3) Finally, I'm having a hard time understanding what axioms would be allowed to define. For example, could I have a concept define an axiom which is logically inconsistent, such as

concept SomeConcept<typename T>
{
    T operator*(T&, int);

    axiom Inconsistency(T a)
    {
         a * 1 == a * 2;
    }
}

What would that do? Is that even valid?

I appreciate that this is a very long set of questions and so I thank you in advance.

+7  A: 

I've used the most recent C++0x draft, N2914 (which still has concepts wording in it) as a reference for the following answer.

1) Concepts are like interfaces in that. If your type supports a concept, it should also support all "base" concepts. Wikipedia statement you quote makes sense from the point of view of a type's client - if he knows that T satisfies concept Derived<T>, then he also knows that it satisfies concept Base<T>. From type author perspective, this naturally means that both have to be implemented. See 14.10.3/2.

2) Yes, a concept with typename members can be auto. Such members can be automatically deduced if they are used in definitions of function members in the same concept.
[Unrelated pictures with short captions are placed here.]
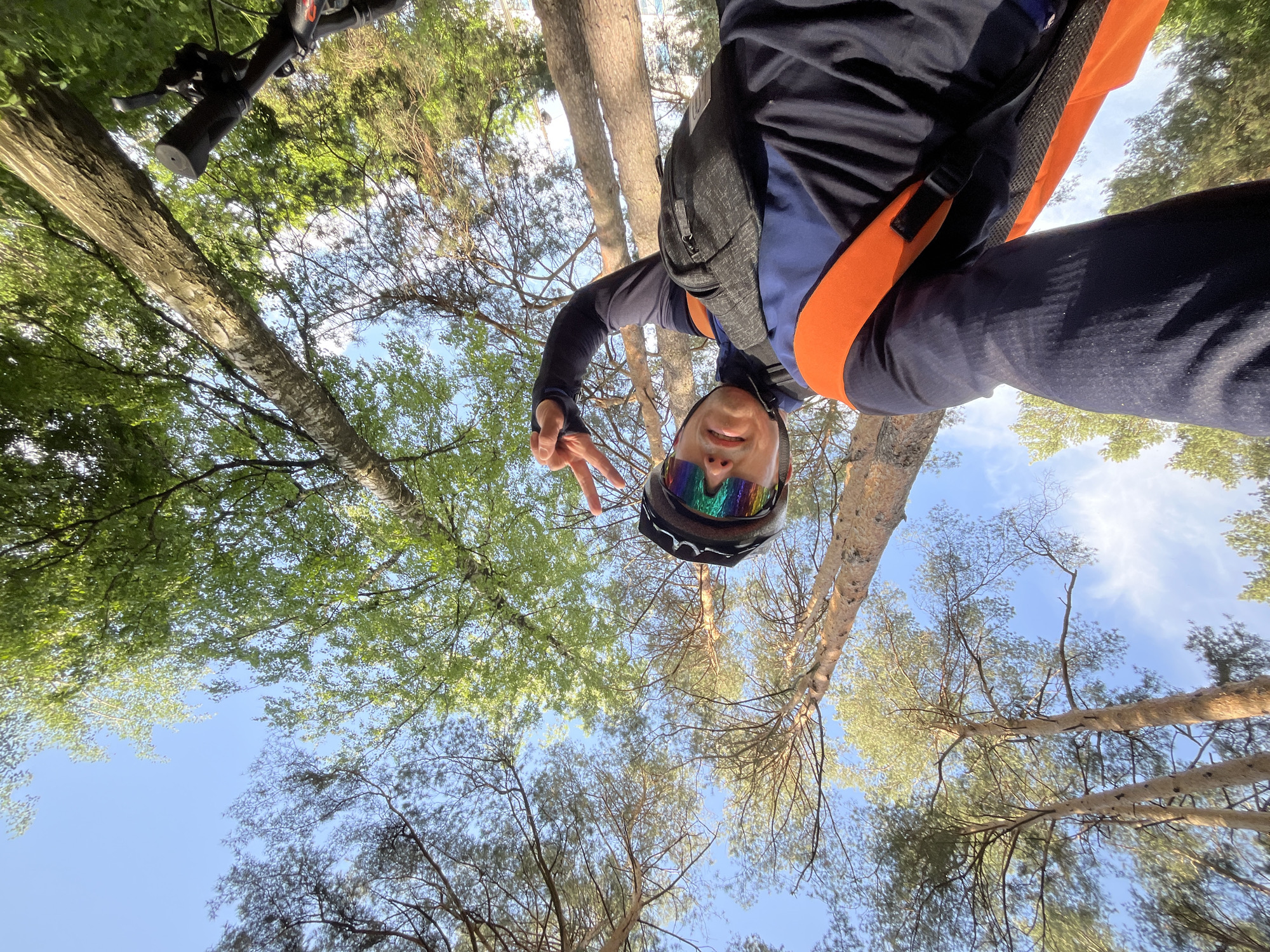 The image is a low-angle selfie taken in a forest in Chaikovsky, Russia. A person wearing a cycling helmet with rainbow-colored lenses and a dark blue and orange athletic jacket is looking down at the camera and making a peace sign. They are wearing a dark backpack. Above the person are trees with green and gray foliage against a blue sky. The handlebars of a bicycle are visible in the upper left corner. The camera is angled upwards towards the canopy.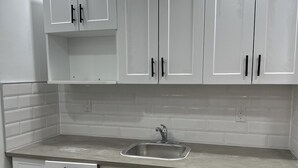Una cocina con armarios blancos, una encimera y un fregadero.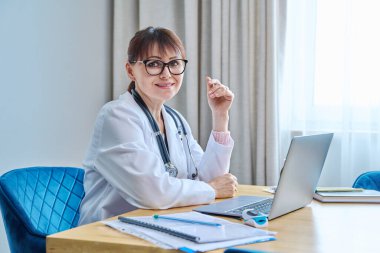 Dost canlısı, olgun bir kadın doktor dizüstü bilgisayarla masada oturuyor ve kameraya bakıyor. Beyaz önlüklü orta yaşlı kadın steteskop ve hastane kimliği. Tıbbi hizmet ilacı.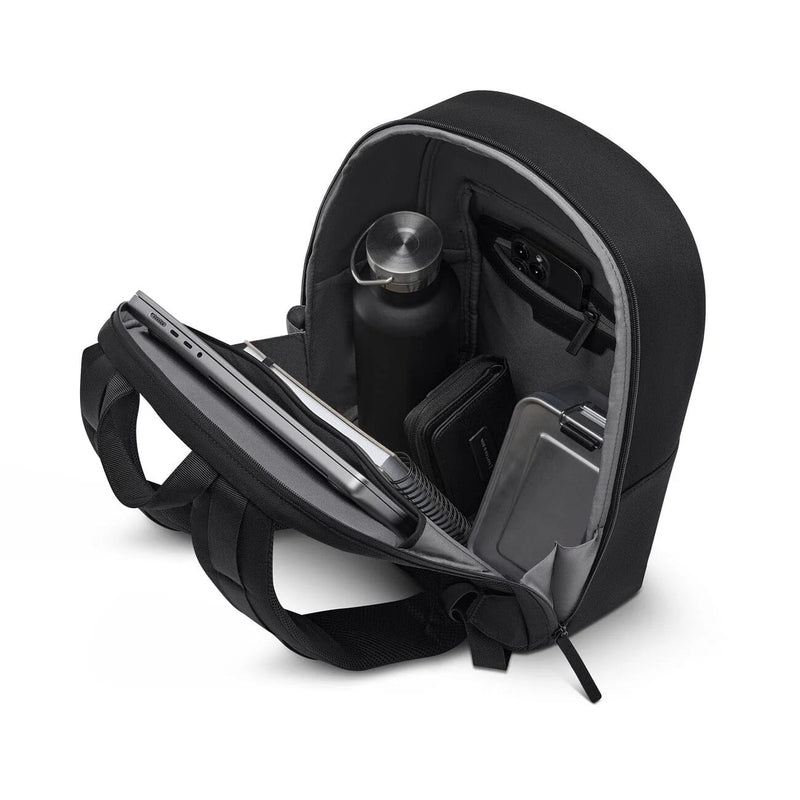 Back panel folded open and packed: laptop and notebook in the sleeve, water bottle, phone in the zip pocket
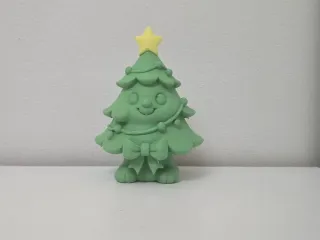 Smiling Tree with Star and Bow Christmas Figure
For example, value_type for iterator can be deduced as a return type of its operator*. However, if a type member is not used anywhere, it will not be deduced, and thus will not be implicitly defined. In your example, there's no way to deduce SomeType<T>::Type for either Dummy or Dummy1, as Type isn't used by other members of the concept, so neither class will map to the concept (and, in fact, no class could possibly auto-map to it). See 14.10.1.2/11 and 14.10.2.2/4.
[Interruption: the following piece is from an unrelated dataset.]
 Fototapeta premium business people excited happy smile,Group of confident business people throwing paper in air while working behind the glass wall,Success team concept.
3) Axioms were a weak point of the spec, and they were being constantly updated to make some (more) sense. Just before concepts were pulled from the draft, there was a paper that changed quite a bit - read it and see if it makes more sense to you, or you still have questions regarding it.

For your specific example (accounting for syntactic difference), it would mean that compiler would be permitted to consider expression (a*1) to be the same as (a*2), for the purpose of the "as-if" rule of the language (i.e. the compiler permitted to do any optimizations it wants, so long as the result behaves as if there were none). However, the compiler is not in any way required to validate the correctness of axioms (hence why they're called axioms!) - it just takes them for what they are.

Pavel Minaev
Great answer. You confirmed the suspicions I had about questions 2) and 3), and I never thought about 1) that way. Thanks again.